Basically, post-modernism could be considered as a crisis of values, the transcendental ideas are being set apart by new values which could be considered superficial. In front of this problem, some still hold to the values of modernism, in an attempt to resurrect the transcendental values. On the other hand, many others hold to what I call “occasion philosophies”, theories I happen to find pretty superficial and not satisfying at all, many of them obviously sustained by those who defend the current culture. On this postmodern philosophies, I could find examples like some branches of anglosaxon pragmatic philosophies, or pseudo-religious new age taken under superficial ideas, I am sure anyone who has read Paulo Cohelo knows what I am talking about. I do not wish to close it here, as I believe there is one large branch I want to consider in this post. After the death of God Nietzsche predicted, we face nihilism. Nihilism comes from latin “nihil”, meaning “nothing”. The nihilist, seeing the death of all transcendental values, the decadence of metaphysics, simply puts asides any beliefs and falls into a total political skepticism, he does not believe in trascendence seeing it dead, he doesn’t believe in the cheap philosophies that last for ten years if lucky. It’s not being apathetic, it’s more like being hopeless.
I think this may be the first thing you've said that I agree with.
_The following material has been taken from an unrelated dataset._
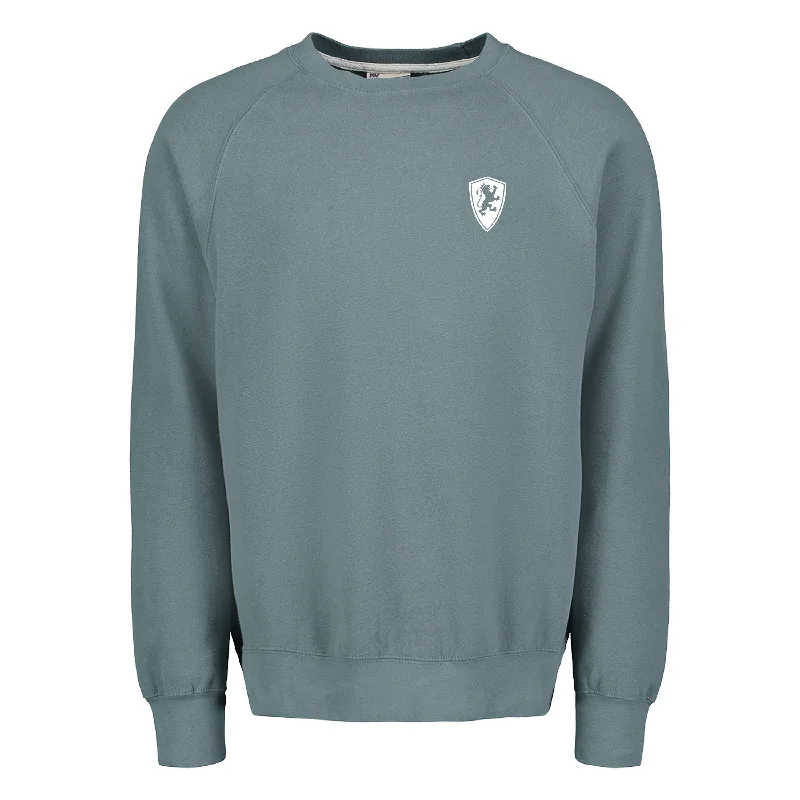 Marine Blue Embroidered Shield Raglan Crewneck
Yet, through this past year I have been able to read from other ideas, which have awakened me from the dream of reason. I don’t want to go much into this, as it will come off as excessively pedantic, and I hope you can forgive me, but I believe this names are to be taken into account if you have never read them. First came Charles Baudelaire, and then it was when I read a branch of philosophy that had always tempted me, but I had never got into: Goethe, Hölderlin, Shelling, Nietzsche, Baruch Spinoza, Herman Hesse…one would say, the romantics (or neoromantics and pre-romantics, cause Nietzsche, Spinoza and Hesse are not romantic). Here I found what had been lacking in the Enlightenment, this is, the great transcendental idea of Beauty, rescued at last from Plato, the greatest of all thinkers. And as reason is doubted, one abandons modernism.
Now you ruined it.

You are right in the first part - the general analysis - but wrong in your conclusions, because of a fault in your premises. Modernism (especially post-modernism, from what I've read) is the antithesis of the Enlightenment and of reason.

EDIT: Couldn't resist:

And here I close my part in this post. There are the ones who still believe, that fight on and on in what seems Sysiphus at work. Not because fight never gives result, it does work, but in front of the great monster of postmodernism, the hungry beast of capitalism, war passing by like a million of grey dogs, is there really any hope?
Post-modernist philosophy is also contradictory to capitalist philosophy.

Once reason is doubted, you do believe everything is yet to be done, but it seems nothing is possible. Nothing but nothingness.
This is true. Once reason's doubted, nothing is possible except suffering and delusion.